Racers emerged from it in grandiose style before swinging left onto cobbled streets and doubling back to vault the autoroute just the other side of the entablature of the tunnel’s western entrance. Then they shot down a ramp and enjoyed a there-and-back blat along either carriageway before plunging into the echoing darkness.

After the Alfas of Jean-Pierre Wimille and Giuseppe Farina suffered gearbox problems, the path to victory was left open for the Maserati 4CL of Raymond Sommer.

Germany also accessed its motorway network – flyovers, interchanges and slip roads – to kick-start the sport after the war.

Kölner Kurs on the Cologne-Bonn autobahn hosted races as early as 1948, but lasted only two years.

Anti-clockwise East German counterpart Dresden-Hellerau survived 20 years from 1951, Sweden’s Freddy Kottulinsky winning its final Formula 3 race in a Lotus 69.

This track included five hairpins and two crossovers – albeit on opposite carriageways of the same road – and was known as Autobahn-Spinne: the Motorway Spider.

The most notorious of this type was in newly oil-rich, militaristic Venezuela. Even indomitable Stirling Mossconsidered Circuit Los Procéres in Caracas, the unlikely venue for the deciding round of the 1957 World Sportscar Championship, extremely dangerous. His concerns proved well founded.

The bulk of its 6.17 miles consisted of parallel flat-out blinds along Autopista de el Valle. At its far end drivers negotiated consecutive clockwise 360s at a knotty double junction – Masten Gregory rolled his Temple Buell Maserati 450S there – and at the other they crossed the motorway before accessing it via roundabout and curving slip road.

Moss, a winner there in 1956, was leading when a backmarker blundered into the path of his 170mph Maserati 450S. Both cars were wrecked – the errant AC Ace-Bristol was cleaved by the impact – yet the drivers emerged relatively unharmed.

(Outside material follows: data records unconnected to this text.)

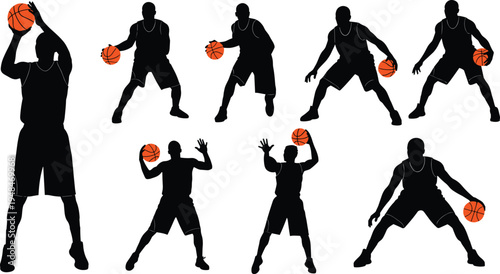 Silhouette collection of basketball players, shooting, dribbling, passing, defensive stances, sports action concept, editable vector illustration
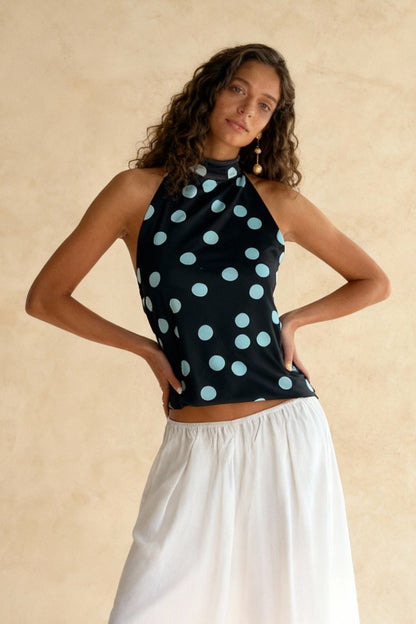 Polka Dot Halter Backless Crop Top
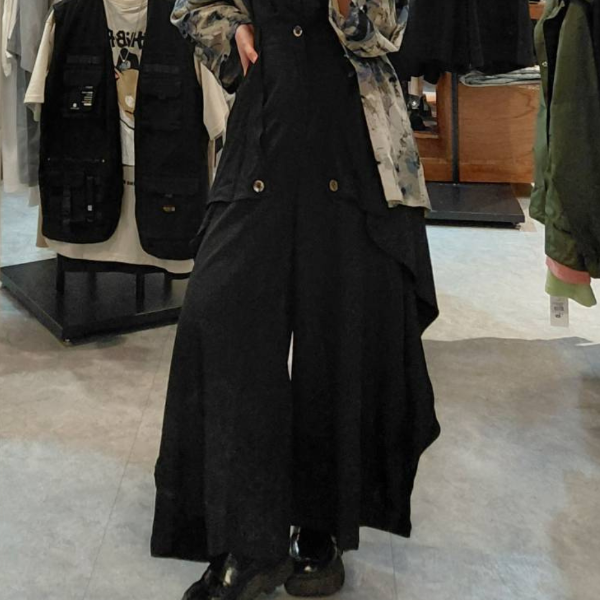 純黑鈕扣綁帶闊腿長褲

Maserati’s nightmare continued when Jo Bonnier’s 300S shed a wheel and collided with the remaining 450S of Harry Schell, which caught fire and burned to a crisp. Already straitened, the company buckled and went bankrupt.

Oh, and Scuderia Ferrari scored a 1-2-3-4 to guarantee the world title.


F2 at San Juan, 1968. Rindt leads Courage

Elsewhere in South America money for new purpose-built circuits began to bubble up. And Argentina’s San Juan (1967), Balcarce (1970) – Juan Fangio’s birthplace – and Mendoza (1974) all featured a crossover.

The latter, known as Autódromo General San Martín and abandoned in 1997, saw the Formula 2 works Marches of Marc Surer and Teo Fabi score a 1-2 in the first round of the 1978 Temporada.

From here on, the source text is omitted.